§ **The input**
-------------------------
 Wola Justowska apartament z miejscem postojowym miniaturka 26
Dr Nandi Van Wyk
-------------------------
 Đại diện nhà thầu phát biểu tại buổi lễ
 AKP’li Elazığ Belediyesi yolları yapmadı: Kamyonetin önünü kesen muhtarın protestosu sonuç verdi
-------------------------
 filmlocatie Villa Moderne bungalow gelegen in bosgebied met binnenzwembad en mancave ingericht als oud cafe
-------------------------
Reproduce the lines of the entries above from the one with "Wola Justowska apartament" to the one with "Dr Nandi Van Wyk", both included, exactly and without any other line.

 Wola Justowska apartament z miejscem postojowym miniaturka 26
Dr Nandi Van Wyk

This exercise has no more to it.